This provision cannot, therefor, be treated to be repugnant to the Shariah.
However,
there is an other point also. While dealing with section 112, Evidence Act, the
Supreme Court of Pakistan held that the question of paternity of a child has to
be decided in accordance with Shariah and not in accordance with Section 112
since the provision of Section 2 of the Evidence Act which overruled similar
provision of Shariah has now been deleted and the Shariah principles have,
therefore, become effective as a result of repeal of Section 2. (Hamida Begum
Vs Murad Begum, PLD 1975, Supreme Court 624). The same principle will apply to
section 108 also in regard to marriage, dissolution of marriage, dower and
inheritance etc. because Muslims in such matters are governed by their personal
law.
SECTION 112
Although
as stated above according to the Supreme Court's view the paternity of a child
is governed by the Muslim Personal Law but there appears to be no reason why
Section 112 which is repugnant to Shariah should be maintained on the Statute
Book in its present form. The principle of Shariah is that a child born during
the continuance of marriage but after 6 months of the marriage is legitimate.
Consequently a child born before the period of 6 months cannot be considered
legitimate. The provision of Section 112, may, therefore, be suitably amended.
SECTIONS 118 &
120
The
objection of Mr Irfani on these sections is that they make admissible the
evidence of minors, extremely old persons and very sick persons including
Lunatics. These sections do not provide for the moral qualification of the
witness since Islamic Shariah does not make admissible the evidence of convict
convicted for an immoral crime or persons having reputation of immorality or
those persons who have any bias for or against the person against whom
the evidence is being given or against a person who would be benefitted or
suffer any loss on account of that evidence.
This
objection does not appear to be valid. As regard the Lunatics, the explanation
of Section 118 is sufficient answer to the objection. According to Shariah also
there is no prohibition against a Lunatic giving evidence at a time when he is
not under the influence of lunacy and can understand the question and give
rational answers to them. (Fatawa Alamgiri Arabic Vol.3 P.465).
As
regards minor, the juristic opinion is that at least in cases in which a minor
can be the only witness e.g. when the offence is committed in a play ground,
his evidence is valid. There appears to be no reason either on principles of
Quran or of Sunnah to confine the evidence of minors only to such matters. If
they can be good witnesses in one case they can also be considered satisfactory
witnesses in other cases. However, there is difference of opinion as to the age
of majority, According to Shia School of thought a person is presumed to have
attained majority at the age of nine years only.
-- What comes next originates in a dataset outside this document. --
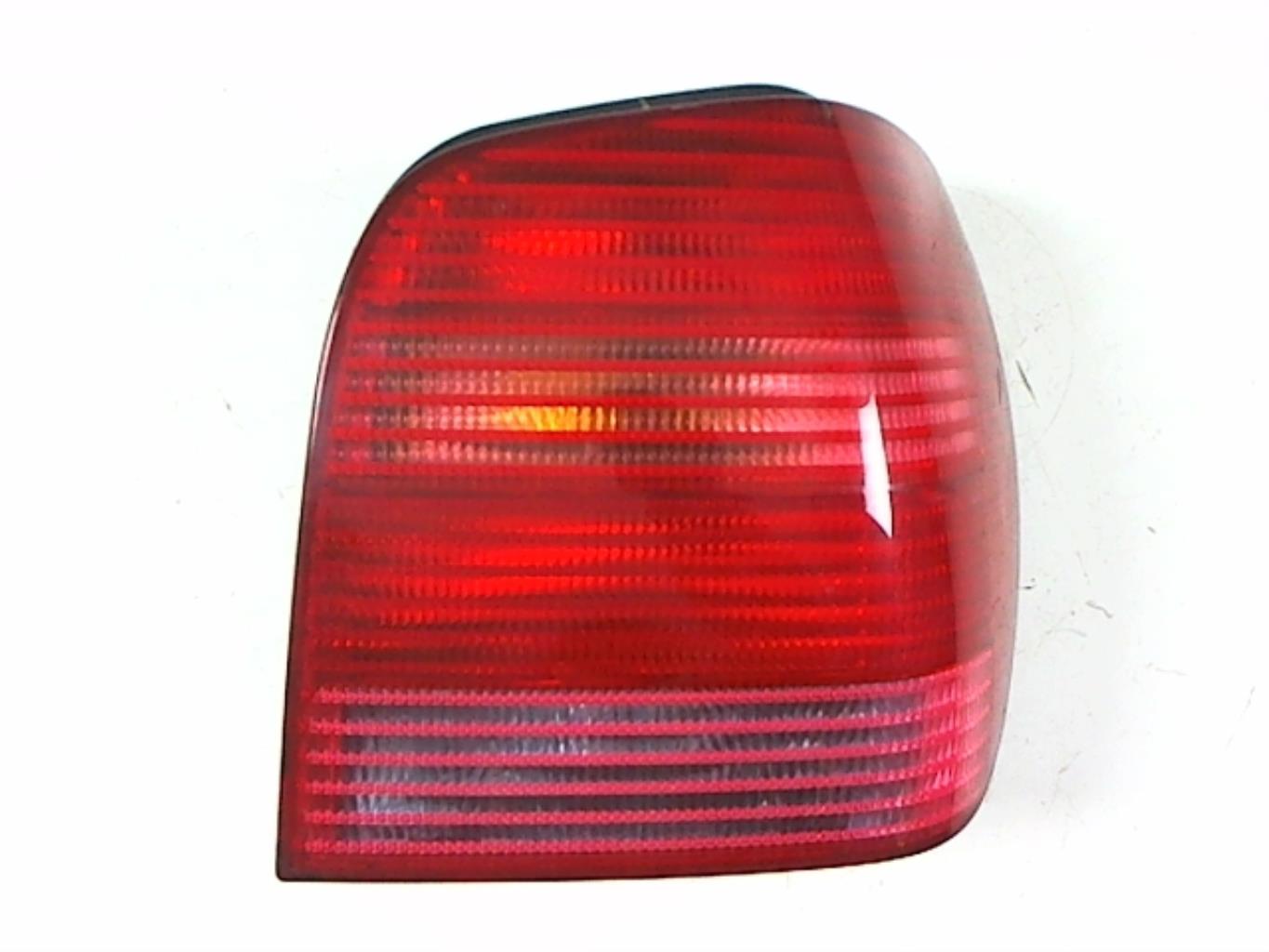 Fanale posteriore principale destro (luci)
In any case the law lays down
certain safeguards. Before putting the minor to oath it is necessary for the
Court to judge whether he understand the consequences of a statement on oath
and he can understand the questions and answer them.
Old
age by itself is no disqualification.
These
sections do not provide that the evidence of all persons should as a matter of
course be believed. According to the principle adopted by the court since time
immemorial, the courts always try to judge the evidence of a witness in the
light of his propensity to tell lies or his bias for or against the
other party as well as his moral character so far as it is relevant to the
case.
There
are a number of dis-qualifications which have been added by the Jurists but if all those
dis-qualifications are added, we are afraid that it will not possible to find
out witnesses in our present society in support of any crime, right or claim,
however genuine it may be. It is for this reason that the Jurists have also
held several hundred years ago that even the evidence of a Fasiq in such a
society would be admissible. Allama Alauddin Tarablasi writes in his famous
book Moeenul Hukkam (PP.117-118)
"Some Jurists have related that
if people of a village give evidence about a woman or some one else and none is
Adil ( ) among them, decision may
be taken on their evidence."
He further writes.
"if a written statement of a
Qazi is taken to another Qazi by two persons who give evidence (about the
authenticity of the writing) and the Qazi blesses them (and considers them
reliable) though not in the way of Ta'dil or he made Tazkia of one and did not
make Tazkia of the other or he acted on their evidence and the letter and the stamp were reliable
in the view of the person to whom it is written, in my view this is permissible
because of the difficulty in finding an Adil (witness) and this was the
practice in regard to stamps in the early period also."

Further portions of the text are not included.